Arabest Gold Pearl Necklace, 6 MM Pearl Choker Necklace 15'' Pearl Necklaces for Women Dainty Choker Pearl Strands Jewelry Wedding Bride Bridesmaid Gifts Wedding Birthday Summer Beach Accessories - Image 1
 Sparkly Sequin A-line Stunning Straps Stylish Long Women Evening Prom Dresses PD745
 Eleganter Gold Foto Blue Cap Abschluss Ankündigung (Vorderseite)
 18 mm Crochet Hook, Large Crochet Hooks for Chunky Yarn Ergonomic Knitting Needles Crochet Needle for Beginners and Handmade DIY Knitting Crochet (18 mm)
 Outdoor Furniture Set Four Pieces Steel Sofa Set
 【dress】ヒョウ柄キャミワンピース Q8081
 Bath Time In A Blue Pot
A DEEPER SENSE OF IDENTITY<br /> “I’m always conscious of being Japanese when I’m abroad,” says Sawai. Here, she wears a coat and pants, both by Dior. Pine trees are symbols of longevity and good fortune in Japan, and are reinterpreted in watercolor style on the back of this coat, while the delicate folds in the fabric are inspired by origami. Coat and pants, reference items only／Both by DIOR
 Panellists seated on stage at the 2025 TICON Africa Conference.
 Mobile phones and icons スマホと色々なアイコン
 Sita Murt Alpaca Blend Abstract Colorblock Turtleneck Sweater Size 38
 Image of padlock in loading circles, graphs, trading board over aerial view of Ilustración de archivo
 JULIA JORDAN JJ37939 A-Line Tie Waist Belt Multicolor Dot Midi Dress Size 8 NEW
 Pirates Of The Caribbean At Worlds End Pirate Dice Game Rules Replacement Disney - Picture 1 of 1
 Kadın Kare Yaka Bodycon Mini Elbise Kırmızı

[TASK GOAL]: Write out the material exactly as given.

[RESPONSE AREA]:
Arabest Gold Pearl Necklace, 6 MM Pearl Choker Necklace 15'' Pearl Necklaces for Women Dainty Choker Pearl Strands Jewelry Wedding Bride Bridesmaid Gifts Wedding Birthday Summer Beach Accessories - Image 1
 Sparkly Sequin A-line Stunning Straps Stylish Long Women Evening Prom Dresses PD745
 Eleganter Gold Foto Blue Cap Abschluss Ankündigung (Vorderseite)
 18 mm Crochet Hook, Large Crochet Hooks for Chunky Yarn Ergonomic Knitting Needles Crochet Needle for Beginners and Handmade DIY Knitting Crochet (18 mm)
 Outdoor Furniture Set Four Pieces Steel Sofa Set
 【dress】ヒョウ柄キャミワンピース Q8081
 Bath Time In A Blue Pot
A DEEPER SENSE OF IDENTITY<br /> “I’m always conscious of being Japanese when I’m abroad,” says Sawai. Here, she wears a coat and pants, both by Dior. Pine trees are symbols of longevity and good fortune in Japan, and are reinterpreted in watercolor style on the back of this coat, while the delicate folds in the fabric are inspired by origami. Coat and pants, reference items only／Both by DIOR
 Panellists seated on stage at the 2025 TICON Africa Conference.
 Mobile phones and icons スマホと色々なアイコン
 Sita Murt Alpaca Blend Abstract Colorblock Turtleneck Sweater Size 38
 Image of padlock in loading circles, graphs, trading board over aerial view of Ilustración de archivo
 JULIA JORDAN JJ37939 A-Line Tie Waist Belt Multicolor Dot Midi Dress Size 8 NEW
 Pirates Of The Caribbean At Worlds End Pirate Dice Game Rules Replacement Disney - Picture 1 of 1
 Kadın Kare Yaka Bodycon Mini Elbise Kırmızı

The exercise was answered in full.